ウタを女性陣に風呂に連れて行ってもらってから、チョッパーはルフィと、島の散策を軽く終わらせて帰ってきた他の船員達も呼んで話始めた。


「まず身体についてだな…酷い衰弱や高熱もあってすごい危なかったけど、とりあえずもう危機は脱してる。安心して欲しい」

「そっか…よかった」


心の底から安堵のため息がもれる。決して細かくない傷の処置をされ、腕に点滴をして、高熱に魘されながら寝込む…消毒液と薬の匂いを纏う彼女をルフィは見ていたのもあるだろう。


「ただ、心の方、記憶の方は…ごめんよ。ちょっとまだ分からない」

「その言い方だと、少なくともウタちゃんは身体的な理由の記憶喪失じゃねえんだな?」


タバコに火をつけながら聞くサンジに対して頷くチョッパーは、ルフィ達にも分かりやすい様に説明をする。
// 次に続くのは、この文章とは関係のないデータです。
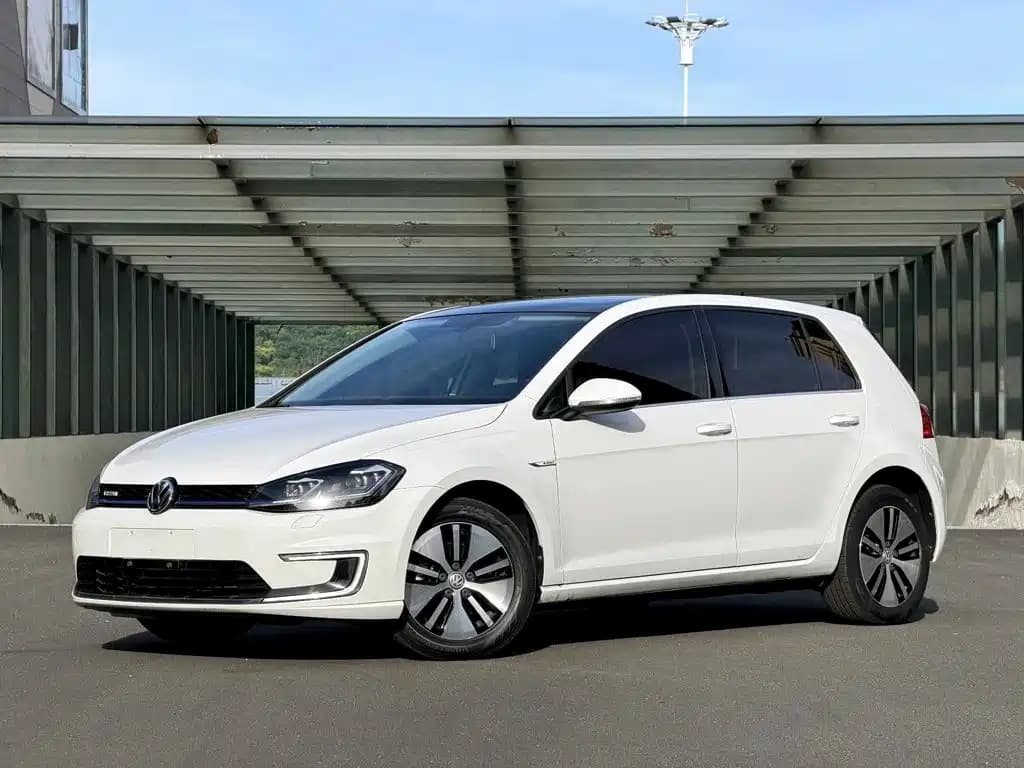 Volkswagen Volkswagen Golf Electric 2020 Chi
「人の記憶を…そうだな。普段は蓋のある箱の中に入っていると思って欲しい。思い出したい時に蓋を開けて取り出す」

「普通の人が「あれ?なんだったっけ?」って思い出せない時は箱の中身がごちゃごちゃしている時だ…けど、多分今のウタは箱が蓋ごと歪んじゃってるんだと思う」

「歪んでる、ですか」

「そう、自分の意思で箱を開けて記憶を取り出せなくなってるんだ」


その原因は分からない。だが恐らく、その歪みの隙間から時折記憶は顔を出す事があるだろうことは、先程の気絶の様子や、最初にルフィから逃げた様子から間違いないとチョッパーは踏んでいた。


「でも、精神性なら…身体に問題がある場合より、キチンと向き合えば変な後遺症もなくちゃんと思い出せると思うぞ」

「…そうか」


思い出す。それはつまり、ウタが忘れたいだろうことも全てだ。エレジアの事、ライブでの事…全て。だ

その後「だから昔のことを話すにしても当たり障りのない部分…ショックの少なそうな部分から話し始めて欲しい」そんな風にチョッパーから聞いて、ルフィは不寝番を終えてなお落ち着かず船内を歩いた。

ウタは、このまま何も思い出さない方が幸せなんじゃないか、と考えては、そんなはずと首を振る…その時、目の前の部屋のドアが開いた。


「あ…ルフィ、君?」

「ウタ?」

「あはは、なんだか…ソワソワしてしまって眠れなくて」


どうやら眠れなかったのはお互い様だったらしい。暇つぶしにと、ルフィは彼女に約束通り、小さな頃の話をした。勝負の時にの話を随分お気に召した様でクスクス笑い楽しそうにしてくれる。


「うふふ、そんなことしてたの?」

「お前だってノリノリだったんだぞ?」

「あっはは!私アクティブだねえ…それは今も、か……ねえ」


一拍置いて、ウタは口を開いた。


「改めて、見つけてくれて、ありがとう」

「気にすんなよ、偶然だ」

「音貝拾うまではそうだったかもだけど、こうして島に来てくれたでしょ?」


文字通り、一人で生きてきた。結果としてはもたなかった。きっとルフィが来るのが少しでも遅れていたら…遅かれ早かれダメだった。身体的にも、そして精神的にも。寂しいのだけは、なにより堪えた。


「だからね…ありがとう、ルフィ君」

「…おう」

「ふぁ……言いたいこと言えたからかな?眠、くなってきちゃった…」


欠伸をし、目を擦るウタを見て、今日は解散するかとなり、眠いだろうに律儀に部屋の外まで見送りに来たウタと別れて、ルフィは決意する。


ウタが記憶を取り戻そうと、無理だったとしても…まずは本来の彼女が、一番会いたかった人達に会わせてやらねば、と。